EXERCISE DIRECTIONS =
Reproduce, character for character, the entries from their opening line through the line with "Cover Introductory Microbiology".

___ MATERIAL FOR THE TASK ___

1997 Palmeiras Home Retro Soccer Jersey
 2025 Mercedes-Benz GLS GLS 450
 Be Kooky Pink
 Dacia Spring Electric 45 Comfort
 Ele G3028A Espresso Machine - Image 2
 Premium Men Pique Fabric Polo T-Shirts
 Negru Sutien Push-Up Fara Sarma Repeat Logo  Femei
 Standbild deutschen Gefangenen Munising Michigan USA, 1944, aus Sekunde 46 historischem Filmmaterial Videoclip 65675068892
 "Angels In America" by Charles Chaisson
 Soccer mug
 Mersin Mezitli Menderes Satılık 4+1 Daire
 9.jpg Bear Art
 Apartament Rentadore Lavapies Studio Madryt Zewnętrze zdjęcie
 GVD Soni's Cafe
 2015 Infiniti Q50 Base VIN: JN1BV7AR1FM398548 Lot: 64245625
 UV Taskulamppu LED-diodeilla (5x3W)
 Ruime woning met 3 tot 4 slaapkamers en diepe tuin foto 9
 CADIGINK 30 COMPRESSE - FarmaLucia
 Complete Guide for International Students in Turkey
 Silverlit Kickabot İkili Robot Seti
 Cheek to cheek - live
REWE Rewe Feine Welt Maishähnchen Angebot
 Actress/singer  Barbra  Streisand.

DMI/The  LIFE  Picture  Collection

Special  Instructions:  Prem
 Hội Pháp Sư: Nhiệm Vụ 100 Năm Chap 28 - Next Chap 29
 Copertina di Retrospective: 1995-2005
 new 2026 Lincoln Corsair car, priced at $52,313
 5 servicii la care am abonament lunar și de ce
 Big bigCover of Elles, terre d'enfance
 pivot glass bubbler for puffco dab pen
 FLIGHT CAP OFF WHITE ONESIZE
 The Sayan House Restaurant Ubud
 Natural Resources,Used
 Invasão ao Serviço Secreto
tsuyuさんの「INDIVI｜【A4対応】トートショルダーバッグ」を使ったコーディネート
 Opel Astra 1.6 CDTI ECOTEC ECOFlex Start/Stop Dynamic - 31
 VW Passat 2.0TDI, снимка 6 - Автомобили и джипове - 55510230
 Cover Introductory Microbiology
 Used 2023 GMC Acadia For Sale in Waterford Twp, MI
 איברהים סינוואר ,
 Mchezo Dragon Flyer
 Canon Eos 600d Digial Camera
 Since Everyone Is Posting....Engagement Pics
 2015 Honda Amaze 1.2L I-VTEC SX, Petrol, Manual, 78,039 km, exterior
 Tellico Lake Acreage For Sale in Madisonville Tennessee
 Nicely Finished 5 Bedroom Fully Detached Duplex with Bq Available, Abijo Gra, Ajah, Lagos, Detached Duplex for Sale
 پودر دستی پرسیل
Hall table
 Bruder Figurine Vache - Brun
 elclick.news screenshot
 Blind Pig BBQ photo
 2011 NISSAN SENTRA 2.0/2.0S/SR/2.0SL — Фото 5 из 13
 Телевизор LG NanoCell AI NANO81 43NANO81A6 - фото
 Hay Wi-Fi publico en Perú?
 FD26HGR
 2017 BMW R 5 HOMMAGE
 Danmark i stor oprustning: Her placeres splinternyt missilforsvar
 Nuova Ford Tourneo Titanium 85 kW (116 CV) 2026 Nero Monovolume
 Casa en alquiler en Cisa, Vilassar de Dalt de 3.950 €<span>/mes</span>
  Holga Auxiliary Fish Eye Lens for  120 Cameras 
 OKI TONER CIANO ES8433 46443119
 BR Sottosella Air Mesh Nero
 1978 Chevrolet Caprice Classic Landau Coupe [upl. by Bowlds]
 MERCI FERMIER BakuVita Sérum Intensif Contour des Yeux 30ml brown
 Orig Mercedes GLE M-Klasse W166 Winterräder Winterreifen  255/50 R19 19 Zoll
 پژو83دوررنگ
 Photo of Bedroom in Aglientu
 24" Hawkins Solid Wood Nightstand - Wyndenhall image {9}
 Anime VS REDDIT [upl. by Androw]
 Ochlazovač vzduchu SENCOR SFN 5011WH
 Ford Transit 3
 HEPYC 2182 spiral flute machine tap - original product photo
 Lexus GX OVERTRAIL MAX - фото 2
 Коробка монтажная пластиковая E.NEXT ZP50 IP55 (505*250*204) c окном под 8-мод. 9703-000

___

ANSWER FOR THIS EXERCISE =
1997 Palmeiras Home Retro Soccer Jersey
 2025 Mercedes-Benz GLS GLS 450
 Be Kooky Pink
 Dacia Spring Electric 45 Comfort
 Ele G3028A Espresso Machine - Image 2
 Premium Men Pique Fabric Polo T-Shirts
 Negru Sutien Push-Up Fara Sarma Repeat Logo  Femei
 Standbild deutschen Gefangenen Munising Michigan USA, 1944, aus Sekunde 46 historischem Filmmaterial Videoclip 65675068892
 "Angels In America" by Charles Chaisson
 Soccer mug
 Mersin Mezitli Menderes Satılık 4+1 Daire
 9.jpg Bear Art
 Apartament Rentadore Lavapies Studio Madryt Zewnętrze zdjęcie
 GVD Soni's Cafe
 2015 Infiniti Q50 Base VIN: JN1BV7AR1FM398548 Lot: 64245625
 UV Taskulamppu LED-diodeilla (5x3W)
 Ruime woning met 3 tot 4 slaapkamers en diepe tuin foto 9
 CADIGINK 30 COMPRESSE - FarmaLucia
 Complete Guide for International Students in Turkey
 Silverlit Kickabot İkili Robot Seti
 Cheek to cheek - live
REWE Rewe Feine Welt Maishähnchen Angebot
 Actress/singer  Barbra  Streisand.

DMI/The  LIFE  Picture  Collection

Special  Instructions:  Prem
 Hội Pháp Sư: Nhiệm Vụ 100 Năm Chap 28 - Next Chap 29
 Copertina di Retrospective: 1995-2005
 new 2026 Lincoln Corsair car, priced at $52,313
 5 servicii la care am abonament lunar și de ce
 Big bigCover of Elles, terre d'enfance
 pivot glass bubbler for puffco dab pen
 FLIGHT CAP OFF WHITE ONESIZE
 The Sayan House Restaurant Ubud
 Natural Resources,Used
 Invasão ao Serviço Secreto
tsuyuさんの「INDIVI｜【A4対応】トートショルダーバッグ」を使ったコーディネート
 Opel Astra 1.6 CDTI ECOTEC ECOFlex Start/Stop Dynamic - 31
 VW Passat 2.0TDI, снимка 6 - Автомобили и джипове - 55510230
 Cover Introductory Microbiology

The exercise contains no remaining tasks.